Segment Open

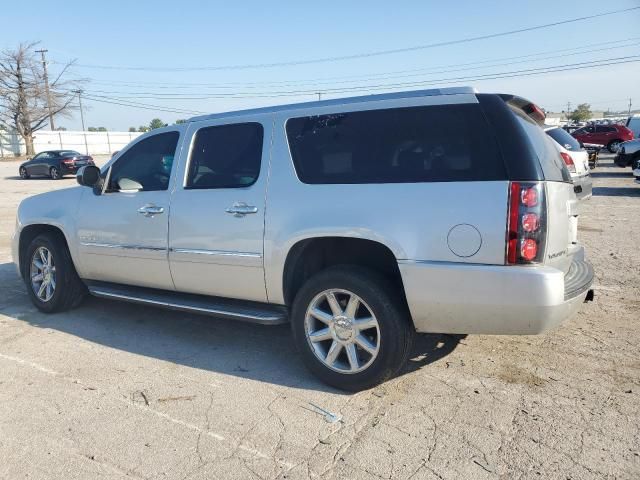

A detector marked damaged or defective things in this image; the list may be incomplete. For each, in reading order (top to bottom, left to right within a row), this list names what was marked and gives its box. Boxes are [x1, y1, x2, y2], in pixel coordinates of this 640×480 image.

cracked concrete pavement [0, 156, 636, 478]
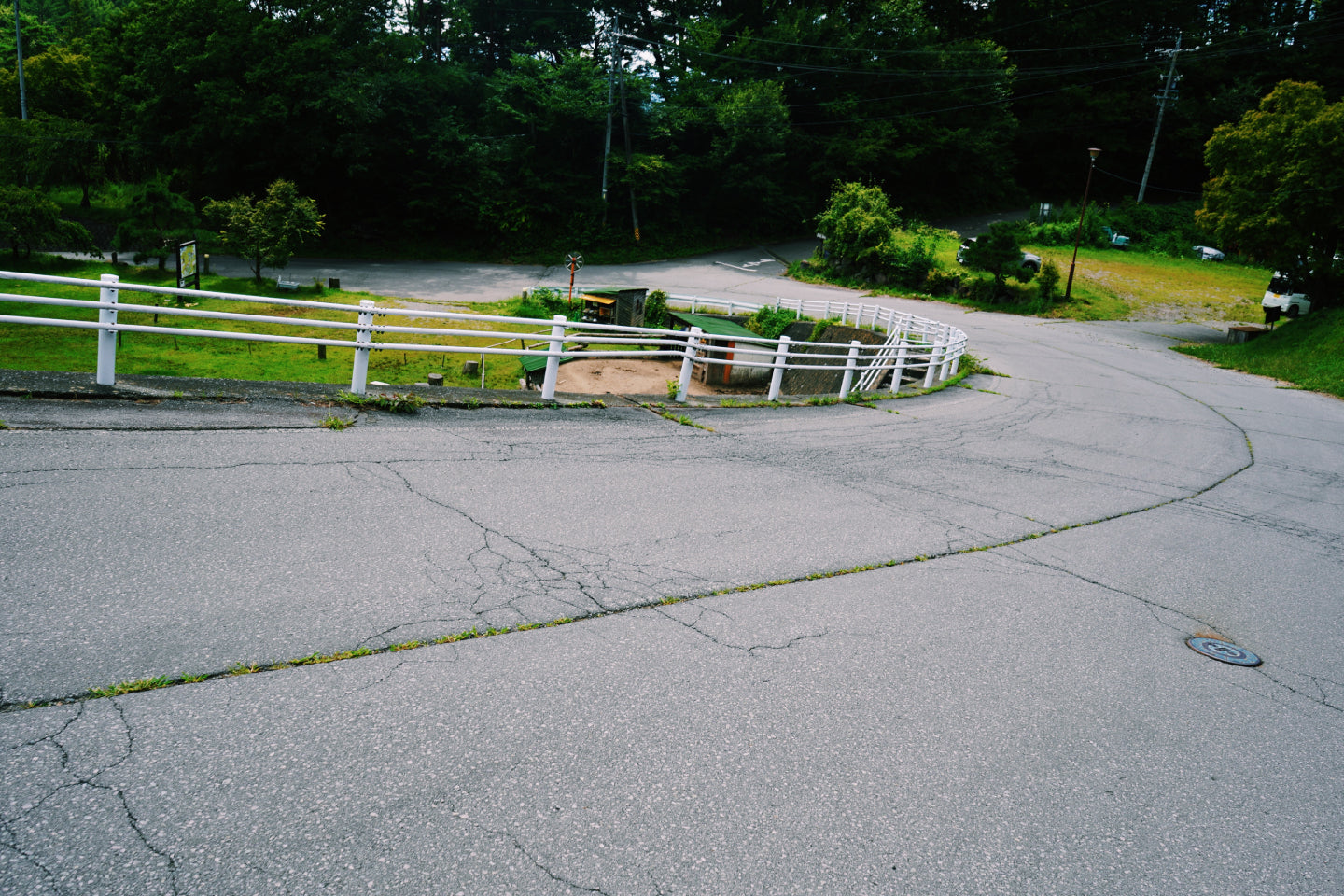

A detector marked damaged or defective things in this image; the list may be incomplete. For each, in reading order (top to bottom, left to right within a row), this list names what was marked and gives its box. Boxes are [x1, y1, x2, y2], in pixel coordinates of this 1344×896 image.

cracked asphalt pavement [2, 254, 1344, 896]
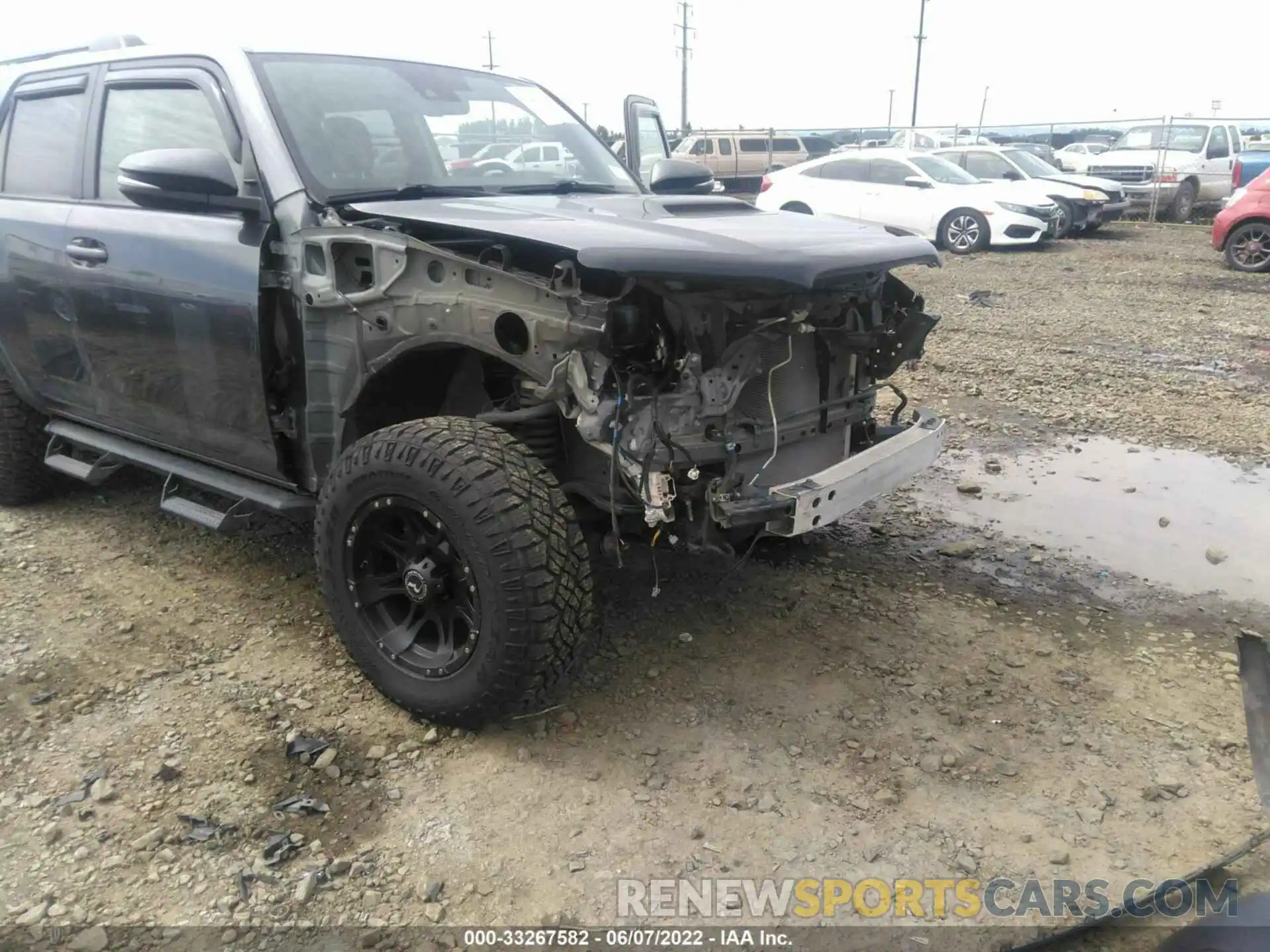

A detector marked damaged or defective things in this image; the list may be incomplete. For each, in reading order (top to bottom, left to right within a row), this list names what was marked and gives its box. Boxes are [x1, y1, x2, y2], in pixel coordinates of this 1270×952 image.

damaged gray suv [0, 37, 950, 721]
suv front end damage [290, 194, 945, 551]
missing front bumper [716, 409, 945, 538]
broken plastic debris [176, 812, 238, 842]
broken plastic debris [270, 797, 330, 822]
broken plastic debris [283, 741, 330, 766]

Segment Closed

Beginning with the line that contains "this 1270×952 image.", restate word for word each line through the last one in the data, and write nothing more.

A detector marked damaged or defective things in this image; the list may be incomplete. For each, in reading order (top to bottom, left to right within a row), this list names what was marked and gives its box. Boxes are [x1, y1, x2, y2], in pixel coordinates of this 1270×952 image.

damaged gray suv [0, 37, 950, 721]
suv front end damage [290, 194, 945, 551]
missing front bumper [716, 409, 945, 538]
broken plastic debris [176, 812, 238, 842]
broken plastic debris [270, 797, 330, 822]
broken plastic debris [283, 741, 330, 766]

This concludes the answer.